Parmi les premiers, on trouve Sanna Marin, la plus jeune chef de gouvernement du monde au moment où elle est devenue Première ministre de la Finlande en décembre dernier. Dans un récent sondage, 85% des Finlandais ont soutenu sa gestion de la pandémie, un niveau de confiance frappant en ces temps difficiles.

Lorsqu’elle a pris ses fonctions l’année dernière, Mme Marin et son cabinet, majoritairement féminin, ont été confrontés à une légère tempête de critiques de la part des médias sociaux. Les « Spice Girls » étaient une provocation, le « Lipstick Cabinet » une autre. Quatre des cinq partis du cabinet, de gauche à centre, – un gouvernement de coalition rouge-vert – sont dirigés par des femmes d’une trentaine d’années. Mme Marin a 34 ans.

« Marin a vraiment fait un bond en avant », affirme Eddy Hawkins, un Américain qui vit en Finlande depuis les années 1970 et qui fait des reportages pour la radio finlandaise. « Sa performance lors des conférences de presse et au Parlement a été ce qui a le mieux fonctionné pour les Finlandais – claire, concise, sans émotion, mais avec une nuance de chaleur ». M. Hawkins ajoute que le style de Mme Marin complète celui de Sauli Niinistö, le populaire président finlandais de 71 ans, chacun d’entre eux s’adressant à des groupes démographiques différents.
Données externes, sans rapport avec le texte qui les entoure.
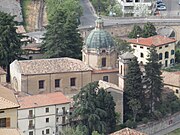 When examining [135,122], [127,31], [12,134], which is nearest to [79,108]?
[135,122]

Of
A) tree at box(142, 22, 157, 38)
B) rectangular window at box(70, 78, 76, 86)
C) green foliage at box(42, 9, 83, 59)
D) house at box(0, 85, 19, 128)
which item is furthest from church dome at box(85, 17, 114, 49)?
house at box(0, 85, 19, 128)

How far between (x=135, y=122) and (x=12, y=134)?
99.0 feet

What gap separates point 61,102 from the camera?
203ft

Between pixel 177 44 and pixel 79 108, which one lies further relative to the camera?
pixel 177 44

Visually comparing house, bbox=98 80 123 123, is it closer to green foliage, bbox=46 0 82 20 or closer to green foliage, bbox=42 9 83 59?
green foliage, bbox=42 9 83 59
Mme Marin, qui a été élue au Parlement en 2015, est bien connue pour son style direct. Un clip YouTube de son rôle de vice-présidente du conseil municipal de Tampere, coupant calmement un membre longiligne après l’autre au cours d’un débat houleux sur les besoins de transport en 2016, a été visionné près d’un demi-million de fois. Elle a facilement remporté sa réélection au printemps dernier, après quoi son prédécesseur social-démocrate, Antti Rinne, l’a nommée ministre des transports.

Aujourd’hui, Mme Marin apprend à devenir Premier ministre tout en guidant la Finlande à travers sa plus grande crise depuis la Seconde Guerre mondiale.

Le succès de la stratégie de la Finlande pour contrôler l’épidémie à l’intérieur de ses frontières reste à voir. Avec 2 905 cas sur une population de 5,5 millions d’habitants, les taux de COVID-19 du pays sont encore faibles par rapport à ceux de ses voisins nordiques et de la plupart des autres pays européens. Selon le New York Times, l’état de préparation élevé de son système de santé lui permet notamment de puiser dans un stock national d’équipements de protection individuelle qu’il a constitué depuis les années 1950.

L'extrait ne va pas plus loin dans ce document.